The following screenshot shows how you define columns for a filter stream:

If you know a bit of KSQL, it is probably faster to write the steps by hand which you can also do by clicking “View pipeline graph and source”. This ability to easily switch back and forth between the code and the visual graph is a nice touch.

Once you have written your pipeline, you click “activate” to deploy the whole pipeline at once. This makes it very much in line with the “plan and run” approach adopted by Metaflow and Bytewax. However, you can also add new components to an already running pipeline. If you want to change existing components, you need to deactivate the pipeline first and reactivate it when you’re done.

One obvious weakness here though, is that workflows are based on KSQL rather than Python. We’ve already covered the limitations of ksqlDB elsewhere, especially when it comes to machine learning. The gist of the article being that if you’re doing real-time machine learning and need to compute fresh features with complex transformations, it might not be the best choice.

If you're not doing machine learning and your pipeline consists of fairly standard processing steps (i.e. filtering, joining, aggregating), Stream Designer is a great option.
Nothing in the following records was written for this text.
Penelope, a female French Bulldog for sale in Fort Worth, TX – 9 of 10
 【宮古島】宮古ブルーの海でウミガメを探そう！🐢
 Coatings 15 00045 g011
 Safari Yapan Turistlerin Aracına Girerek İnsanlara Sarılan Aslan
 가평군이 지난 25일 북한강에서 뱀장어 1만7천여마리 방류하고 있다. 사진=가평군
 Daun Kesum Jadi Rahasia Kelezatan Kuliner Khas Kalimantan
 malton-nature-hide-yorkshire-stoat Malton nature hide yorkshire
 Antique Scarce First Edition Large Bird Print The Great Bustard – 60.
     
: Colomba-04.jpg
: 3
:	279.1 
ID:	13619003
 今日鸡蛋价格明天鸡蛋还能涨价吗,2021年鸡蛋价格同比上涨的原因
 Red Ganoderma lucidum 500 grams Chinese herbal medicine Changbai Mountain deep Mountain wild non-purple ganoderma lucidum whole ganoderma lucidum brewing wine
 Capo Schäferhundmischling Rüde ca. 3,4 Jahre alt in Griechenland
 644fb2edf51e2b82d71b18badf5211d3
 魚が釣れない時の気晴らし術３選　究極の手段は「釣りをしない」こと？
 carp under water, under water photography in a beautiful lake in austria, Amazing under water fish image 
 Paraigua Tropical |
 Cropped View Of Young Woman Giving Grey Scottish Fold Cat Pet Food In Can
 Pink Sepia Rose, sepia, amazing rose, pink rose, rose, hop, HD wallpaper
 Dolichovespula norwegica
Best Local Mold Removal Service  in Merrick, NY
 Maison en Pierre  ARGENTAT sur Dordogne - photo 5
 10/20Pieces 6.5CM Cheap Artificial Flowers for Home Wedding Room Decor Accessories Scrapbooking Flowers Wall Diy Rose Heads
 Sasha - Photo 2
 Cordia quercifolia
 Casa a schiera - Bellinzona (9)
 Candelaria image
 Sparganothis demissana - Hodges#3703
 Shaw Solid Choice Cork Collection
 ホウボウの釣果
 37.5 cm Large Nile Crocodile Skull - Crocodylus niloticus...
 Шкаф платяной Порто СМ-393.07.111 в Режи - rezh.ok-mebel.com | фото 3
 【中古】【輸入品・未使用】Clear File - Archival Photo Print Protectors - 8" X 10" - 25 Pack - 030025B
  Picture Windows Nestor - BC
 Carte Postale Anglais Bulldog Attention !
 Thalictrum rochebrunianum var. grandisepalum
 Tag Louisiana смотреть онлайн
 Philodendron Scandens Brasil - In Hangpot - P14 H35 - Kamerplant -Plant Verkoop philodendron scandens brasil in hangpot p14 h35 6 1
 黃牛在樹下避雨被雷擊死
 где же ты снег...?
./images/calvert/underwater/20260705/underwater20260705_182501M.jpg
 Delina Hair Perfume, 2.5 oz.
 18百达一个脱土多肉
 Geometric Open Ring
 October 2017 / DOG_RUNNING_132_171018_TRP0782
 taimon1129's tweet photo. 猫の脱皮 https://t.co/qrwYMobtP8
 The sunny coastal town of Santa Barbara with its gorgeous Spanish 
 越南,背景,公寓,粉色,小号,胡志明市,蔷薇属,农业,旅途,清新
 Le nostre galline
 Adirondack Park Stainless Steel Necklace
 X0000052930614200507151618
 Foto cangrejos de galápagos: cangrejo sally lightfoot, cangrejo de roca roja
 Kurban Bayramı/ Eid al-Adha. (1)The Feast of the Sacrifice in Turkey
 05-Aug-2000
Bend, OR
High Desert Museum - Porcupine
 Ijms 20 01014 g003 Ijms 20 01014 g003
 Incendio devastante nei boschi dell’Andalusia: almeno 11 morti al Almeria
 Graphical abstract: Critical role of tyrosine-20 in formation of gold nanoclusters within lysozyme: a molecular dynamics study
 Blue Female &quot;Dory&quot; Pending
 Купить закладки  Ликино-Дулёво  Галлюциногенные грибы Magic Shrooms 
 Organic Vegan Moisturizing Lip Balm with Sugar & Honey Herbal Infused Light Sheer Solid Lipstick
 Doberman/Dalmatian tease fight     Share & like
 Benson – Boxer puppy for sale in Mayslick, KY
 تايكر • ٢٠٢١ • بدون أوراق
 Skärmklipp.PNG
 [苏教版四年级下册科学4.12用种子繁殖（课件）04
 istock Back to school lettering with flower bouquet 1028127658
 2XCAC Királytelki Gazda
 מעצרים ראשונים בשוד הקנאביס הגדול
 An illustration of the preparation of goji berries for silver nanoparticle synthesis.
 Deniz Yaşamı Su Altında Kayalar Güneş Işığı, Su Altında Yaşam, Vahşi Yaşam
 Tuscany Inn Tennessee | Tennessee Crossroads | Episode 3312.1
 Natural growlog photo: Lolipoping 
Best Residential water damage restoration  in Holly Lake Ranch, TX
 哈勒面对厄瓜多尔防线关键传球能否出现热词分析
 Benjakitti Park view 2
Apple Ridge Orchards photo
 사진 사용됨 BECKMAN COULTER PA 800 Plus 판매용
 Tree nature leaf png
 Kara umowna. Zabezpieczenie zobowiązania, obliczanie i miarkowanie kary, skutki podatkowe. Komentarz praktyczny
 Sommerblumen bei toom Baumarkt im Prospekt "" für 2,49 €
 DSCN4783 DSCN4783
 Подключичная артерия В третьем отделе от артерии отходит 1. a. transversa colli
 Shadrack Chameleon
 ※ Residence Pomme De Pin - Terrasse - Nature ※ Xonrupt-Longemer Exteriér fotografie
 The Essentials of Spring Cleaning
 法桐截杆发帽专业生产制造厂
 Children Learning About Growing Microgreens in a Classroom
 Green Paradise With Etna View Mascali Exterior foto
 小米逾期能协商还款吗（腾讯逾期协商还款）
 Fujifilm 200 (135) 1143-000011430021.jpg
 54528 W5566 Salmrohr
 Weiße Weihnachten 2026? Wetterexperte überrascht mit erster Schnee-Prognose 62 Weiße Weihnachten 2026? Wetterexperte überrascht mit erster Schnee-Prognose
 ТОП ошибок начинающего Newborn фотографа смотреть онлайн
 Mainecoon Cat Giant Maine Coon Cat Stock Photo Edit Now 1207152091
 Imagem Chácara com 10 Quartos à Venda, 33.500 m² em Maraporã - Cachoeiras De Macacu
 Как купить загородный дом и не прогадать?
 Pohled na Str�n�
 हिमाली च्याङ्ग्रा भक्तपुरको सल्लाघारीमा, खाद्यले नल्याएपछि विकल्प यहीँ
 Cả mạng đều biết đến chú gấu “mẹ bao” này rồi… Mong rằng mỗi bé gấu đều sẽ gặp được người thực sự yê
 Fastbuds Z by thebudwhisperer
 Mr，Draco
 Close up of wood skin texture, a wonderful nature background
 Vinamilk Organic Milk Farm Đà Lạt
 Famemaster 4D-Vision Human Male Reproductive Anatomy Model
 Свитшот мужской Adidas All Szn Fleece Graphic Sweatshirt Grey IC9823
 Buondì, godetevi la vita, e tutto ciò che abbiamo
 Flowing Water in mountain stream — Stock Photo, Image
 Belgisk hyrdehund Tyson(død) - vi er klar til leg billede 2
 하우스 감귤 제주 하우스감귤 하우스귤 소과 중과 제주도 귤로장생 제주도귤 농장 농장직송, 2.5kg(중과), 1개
For data scientists, the infrastructure problem is taken care of because everything runs on a managed cluster, which has likely already been set up by your infrastructure or Confluent support team.

Quix: serverless data pipelines

Last but not least, we have our own offering which uses many of the paradigms from the tools above. One difference though is that it works in a serverless manner. You don’t have to follow the “plan and run” approach (unless you really want to).

The Quix platform has a visual graph which is very similar to Confluent Stream Designer, however, the graph itself can’t be edited in the same way as Stream Designer—you can’t wire together nodes because it is designed to represent services that have already been deployed. There is also currently no offline view like you would get in Confluent’s Stream Designer. However, you can interact with the graph by clicking different nodes and opening their relevant contextual menus.

Each individual node represents a deployed project running a specific step in the pipeline. When you click on a node you can access the deployment settings that are used to run its process. You can also view the code—stored in your Git repo—that is running on the node (under the hood, this is handled by one or more Docker containers running in Kubernetes).

In Quix, the infrastructure and workflow are decoupled from the processing logic. This means that the processing code is stored separately from the workflow (rather than one big long flow.py as it would be in Metaflow ) and they all reside in the same Git repository.

The infrastructure settings and workflow steps are written to a YAML file.
The processing logic is stored in Python files and committed to the Git repository that you’ve defined for your workspace.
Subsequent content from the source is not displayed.